ABOUT THIS EXERCISE: Starting at the top line, print the entries below exactly as they are and skip every picture.

SUPPLIED INFORMATION:
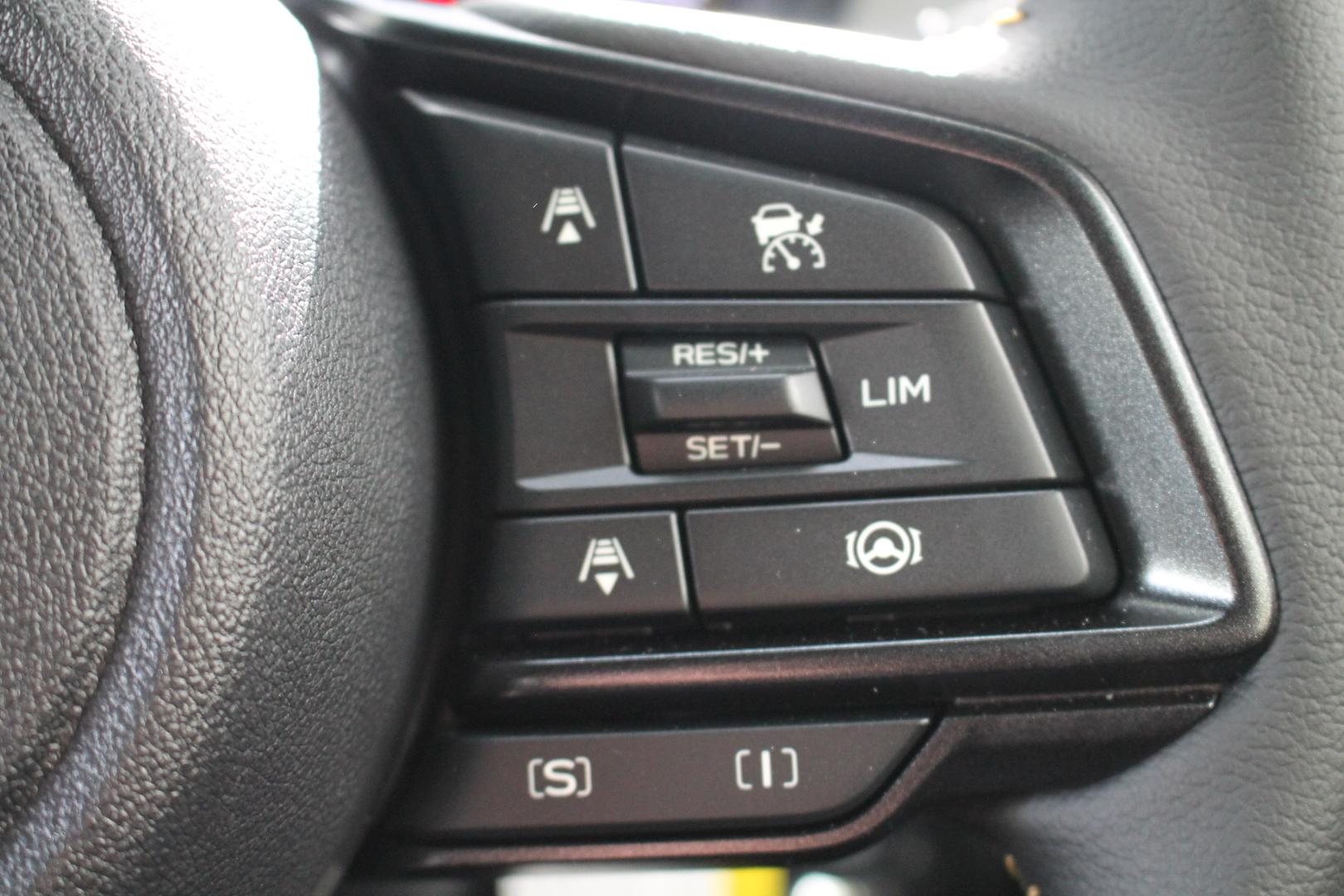 2026 Subaru Crosstrek Sport — photo 22
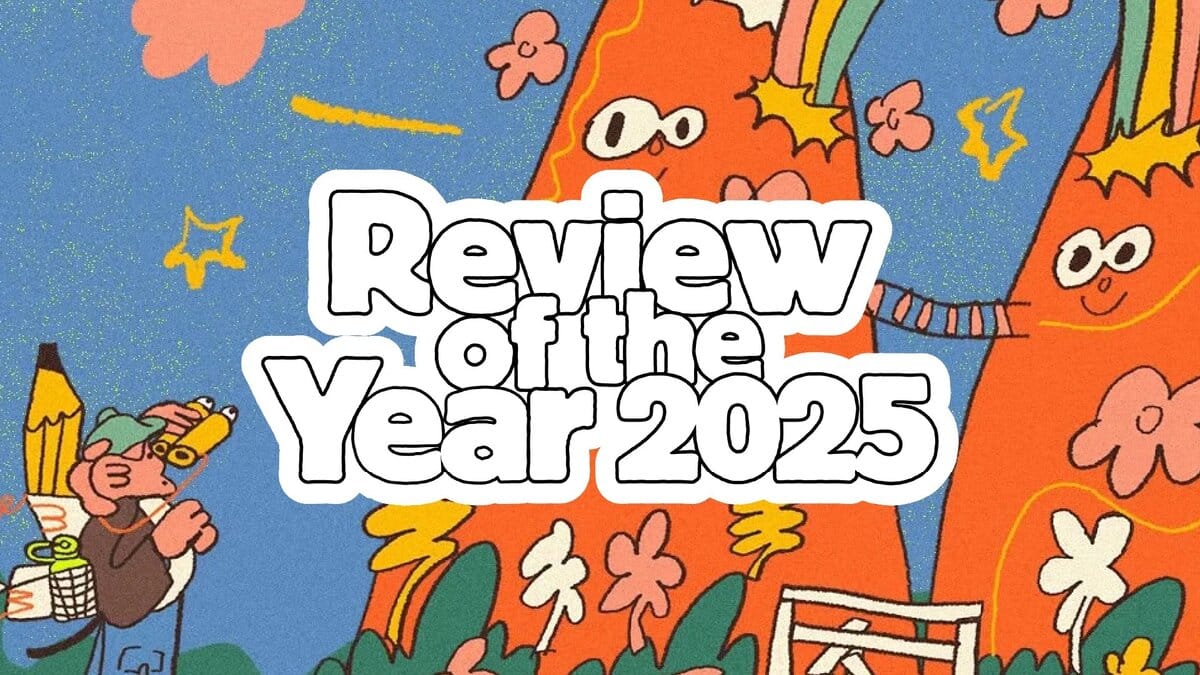 Review of the year 2025
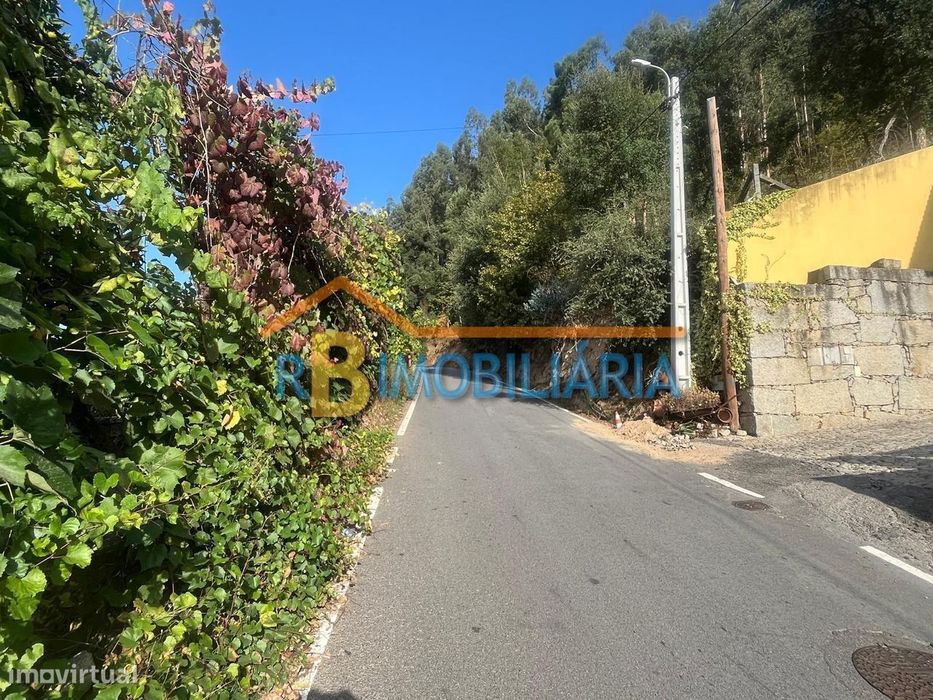 Terreno para construção em Rossas – Arouca — Rossas, Aveiro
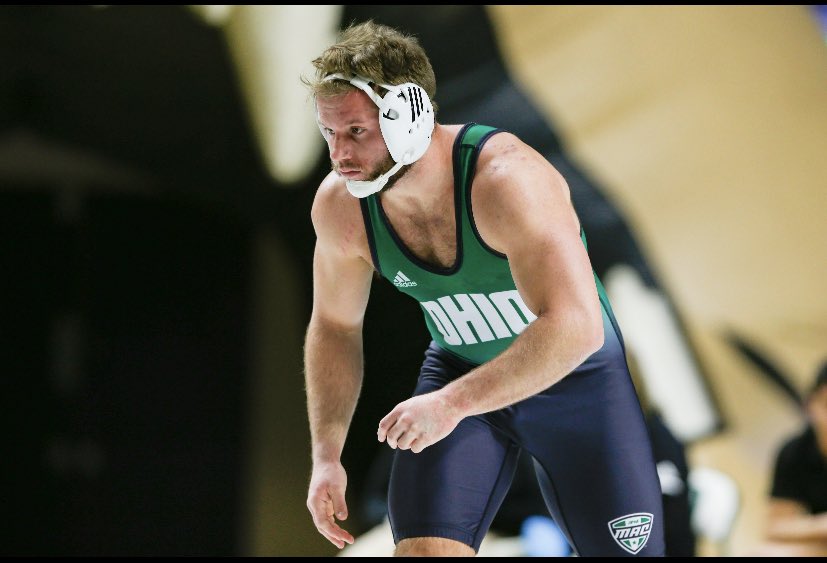 Ohio Wrestling tweet media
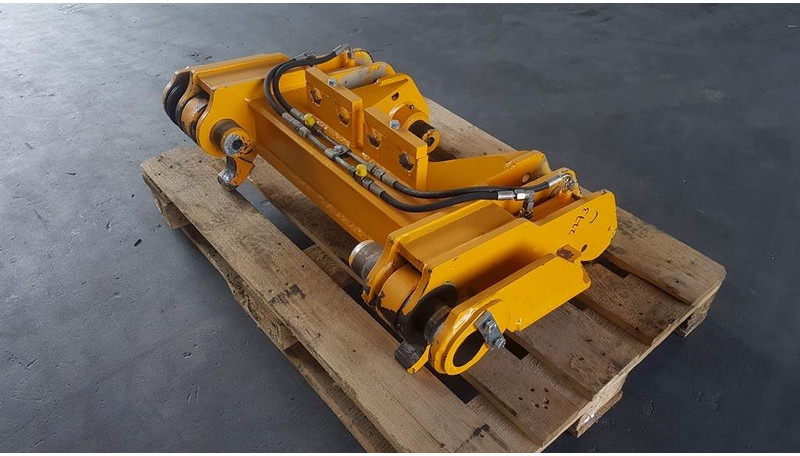Ahlmann AZ 150 - Quick coupler/Schnellwechsler/Snelwissel - 快速耦合器:图1 Ahlmann AZ 150 - Quick coupler/Schnellwechsler/Snelwissel - 快速耦合器:图1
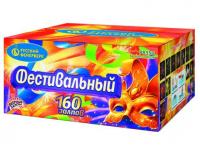 Фестивальный Комбинированный Фейерверк купить в Комсомольске | komsomolsk.salutsklad.ru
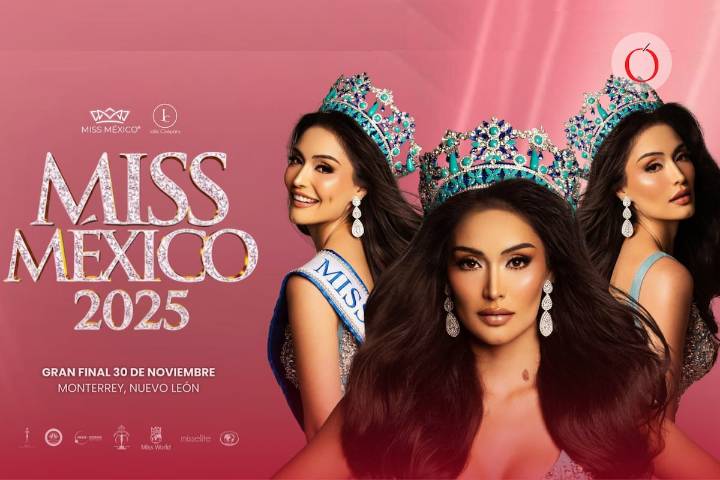 Final Miss México 2025: horario, cuándo y dónde verla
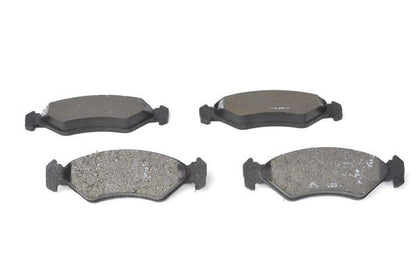 BOSCH 0986492020 Disc Brake Pad Set Front Low-Metallic Fits Ford Fiesta Courier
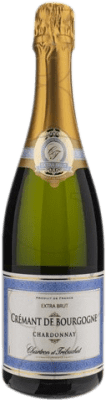 Chartron et Trebuchet Blanco Chardonnay брют Crémant de Bourgogne Гранд Резерв 75 cl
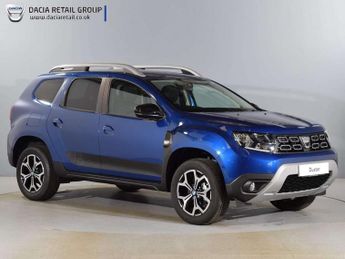 Dacia Duster 1.0 TCe 100 Bi-Fuel SE Twenty 5dr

REPLY:
 2026 Subaru Crosstrek Sport — photo 22
 Review of the year 2025
 Terreno para construção em Rossas – Arouca — Rossas, Aveiro
 Ohio Wrestling tweet media
Ahlmann AZ 150 - Quick coupler/Schnellwechsler/Snelwissel - 快速耦合器:图1 Ahlmann AZ 150 - Quick coupler/Schnellwechsler/Snelwissel - 快速耦合器:图1
 Фестивальный Комбинированный Фейерверк купить в Комсомольске | komsomolsk.salutsklad.ru
 Final Miss México 2025: horario, cuándo y dónde verla
 BOSCH 0986492020 Disc Brake Pad Set Front Low-Metallic Fits Ford Fiesta Courier
 Chartron et Trebuchet Blanco Chardonnay брют Crémant de Bourgogne Гранд Резерв 75 cl
 Dacia Duster 1.0 TCe 100 Bi-Fuel SE Twenty 5dr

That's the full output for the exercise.